South Africa's maize prices have declined more than 30% year-on-year, fueled by a robust harvest that has generated substantial surpluses for both local consumption and regional exports.

Agricultural economist Wandile Sihlobo noted that the 2024-25 production season delivered approximately 16.44 million tons, marking the second-largest maize crop on record. Domestic use averages around 12 million tonnes per year, leaving a considerable excess that has contributed to the sustained price drop and is likely to keep levels subdued in the near term.

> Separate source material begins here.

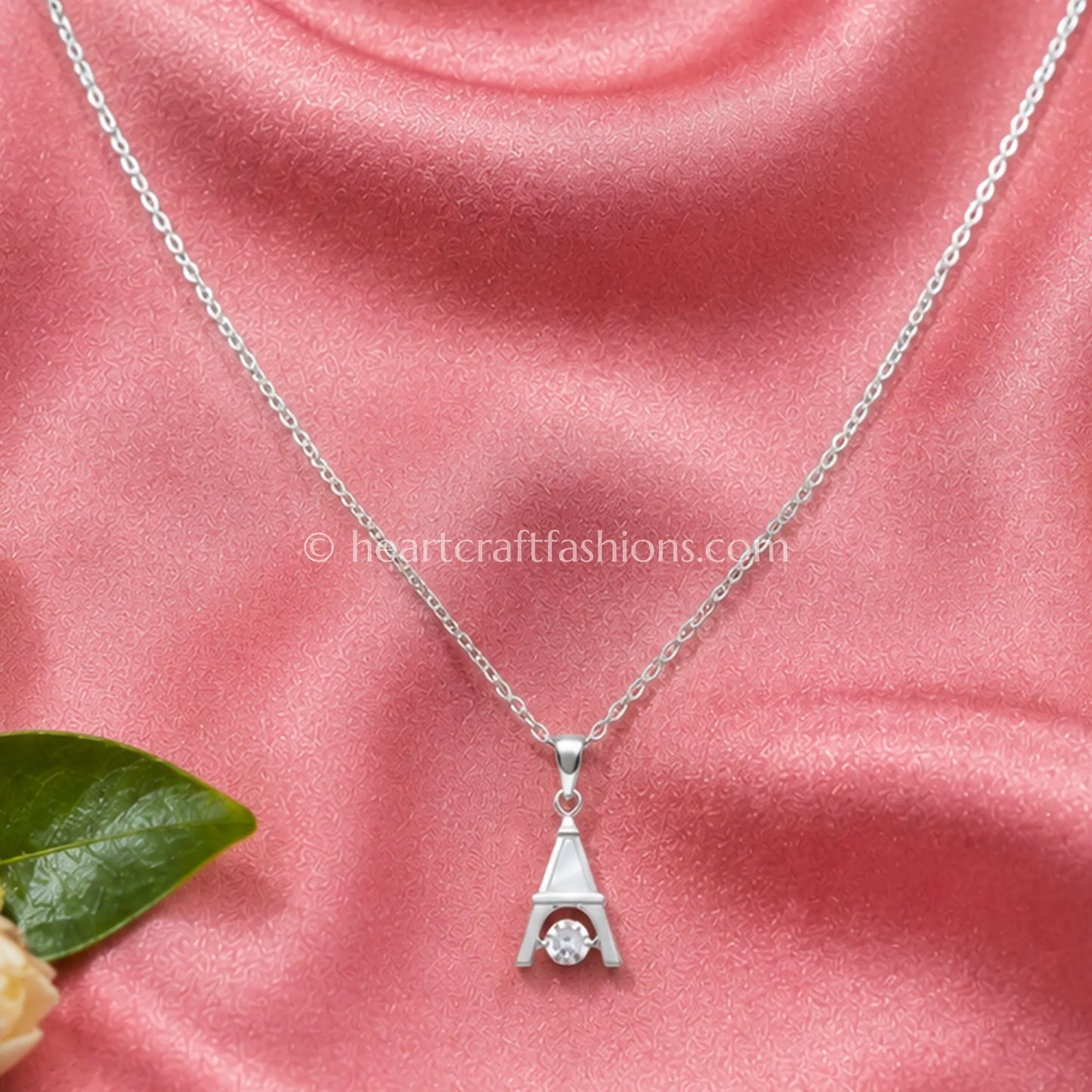 Pure Silver Mother-of-Pearl Eiffel Tower Pendant Necklace – Hallmarked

The reduction benefits South African households purchasing maize meal for daily needs and supports the livestock sector, where yellow maize serves as a primary feed ingredient. Exports are projected at about 2.4 million tonnes for the marketing year ending April 2026, comprising roughly 1.4 million tonnes of white maize and 1 million tonnes of yellow maize. More than half of the anticipated volume has already been shipped, with further deliveries expected in the first quarter of 2026, primarily to Southern African countries and select Far East destinations.

Zimbabwe stands to gain notably from these lower prices amid ongoing food access challenges during the current lean season. The country requires nearly 2 million tonnes of maize annually to satisfy human consumption and livestock requirements. Recent production has improved from drought-affected levels, with the 2024-25 harvest estimated at around 1.3 million tonnes according to USDA data, but it still leaves a gap that imports help address.

Cheaper maize from South Africa reduces procurement expenses for the government, which manages strategic reserves through the Grain Marketing Board, as well as for private traders and consumers. This eases upward pressure on staple prices like maize meal, aids affordability for low-income households, and provides cost relief to feed-dependent industries such as poultry farming. In a context of variable weather and economic strains, reliable and lower-cost supplies from a neighboring producer enhance market stability and availability.

As of early 2026, food security conditions in Zimbabwe remain difficult during the peak lean period from January to March. The Famine Early Warning Systems Network (FEWS NET) reports that Crisis (IPC Phase 3) outcomes are expanding in several deficit-producing areas across provinces including Matabeleland, Masvingo, Manicaland, Midlands, and northern Mashonaland. Many poor households have exhausted own-produced stocks and encounter limited grain availability on local markets combined with reduced purchasing power, complicating access to staples like maize meal. While strategic reserves help mitigate some shortfalls, imports from South Africa continue to support supply needs, particularly as the lean season progresses toward the next harvest expected around April/May 2026.

South Africa's strong output and export capacity position it as a key stabilizer for regional food security. The ongoing price advantage and trade flows offer tangible support to Zimbabwe, helping to alleviate immediate pressures and promote steadier cross-border supplies in Southern Africa.

With the marketing year advancing, these dynamics are poised to deliver continued advantages to importers, underscoring the value of South Africa's agricultural performance in fostering interdependence and resilience across the region.